Stable, functioning remote Aboriginal communities are the last thing the mining transnationals want. That is a pointer to the lack of action on new housing. The lobbying of governments by these corporate interests, their spying and other meddling in the affairs of Aboriginal communities, have undoubtedly contributed to the worsening prospects for reconciliation in Australia. In countries like Colombia, the dispossession of rural communities living on land now sought by developers is carried out through acts of barbarity by the armed forces and paramilitaries. In Australia at this time dispossession is being achieved through neglect and other less blatant methods.

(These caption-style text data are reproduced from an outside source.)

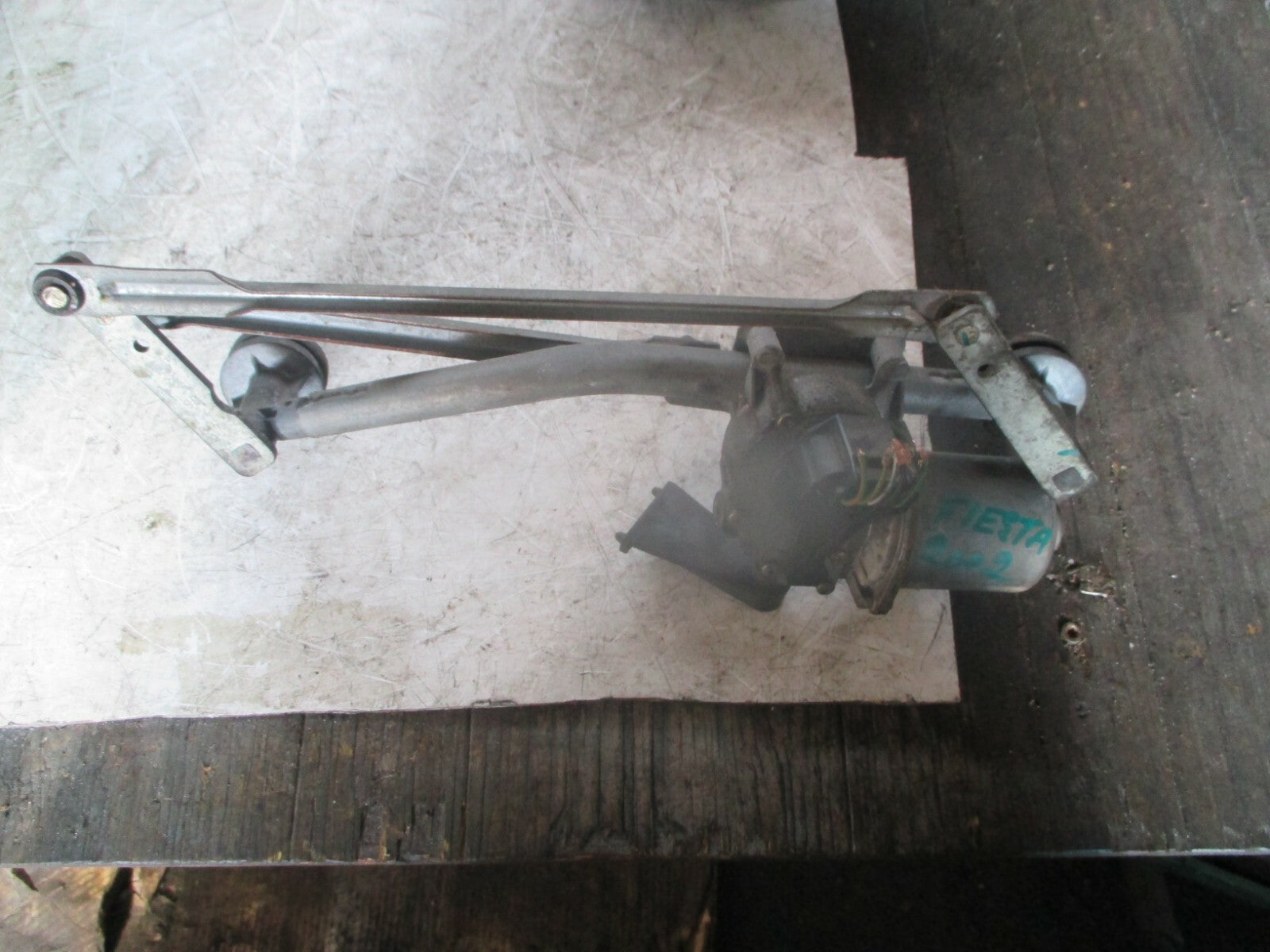FORD FIESTA 2002 MK5 FRONT WIPER MOTOR WITH LINKAGES 2S6T17B571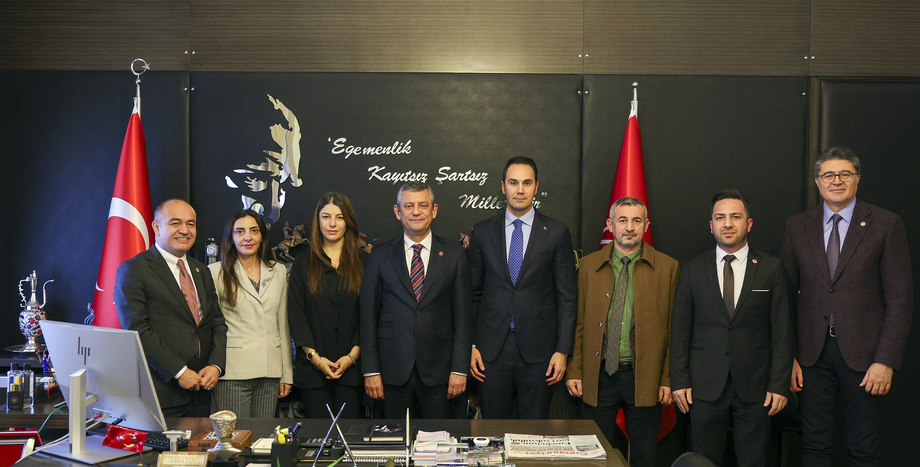 CHP Genel Başkanı Özgür Özel, DYP Genel Başkanı Cenk Küpeli ile Bir Araya Geldi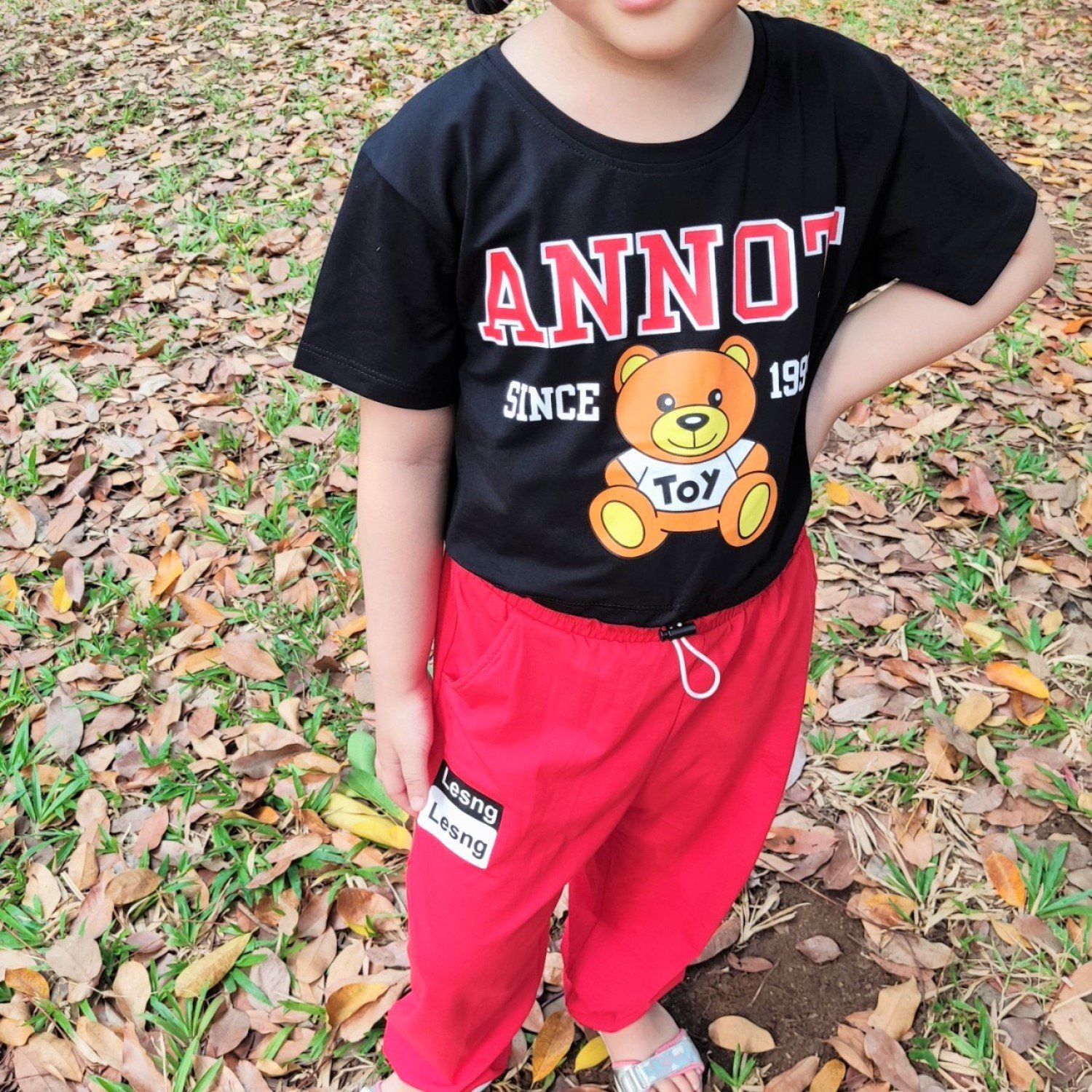 G00000815 Set áo croptop đỏ dây rút cá tính quần jogger thể thao cho bé gái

While PM Kevin Rudd finally delivered an apology to the stolen generations on behalf of the Commonwealth in February last year, the plight of Aboriginal and Torres Strait Islander people has not improved. Aboriginal deaths in custody still weigh on the national conscience. Indigenous Australians still do not have a recognised voice in the form of a national representative body since Howard abolished Aboriginal and Torres Strait Islander Commission in 2005. As Dodson observes, there is a paralysis about the next step towards reconciliation.

Patrick Dodson is now the director of the new Indigenous Policy and Dialogue Research Unit at the University of NSW. This is a positive development and is being supported by other progressive figures from the political and cultural arena. The unit has given itself the task of sparking a meaningful, nation-building dialogue, to discover what “Indigenous and non-Indigenous people have in common that we can build on in developing a new framework for dialogue ...”

Something that we have in common – something that is suppressed in the same ideological onslaught directed against the land rights of Aboriginal people – is that Indigenous and non-Indigenous Australians are exploited by the same interests. The same private interests that have been robbing all Australians of their publicly owned assets in recent times, the same ones that have had clamps put on civil rights including the right to organise in trade unions, the same ones locking us into a military build up in the region are the same ones wanting to scuttle reconciliation and land rights – the recognition of Indigenous Australians as the original owners and inhabitants of this land.

A dialogue around how together we can control and then finally be free of this malign influence would be a good point to start.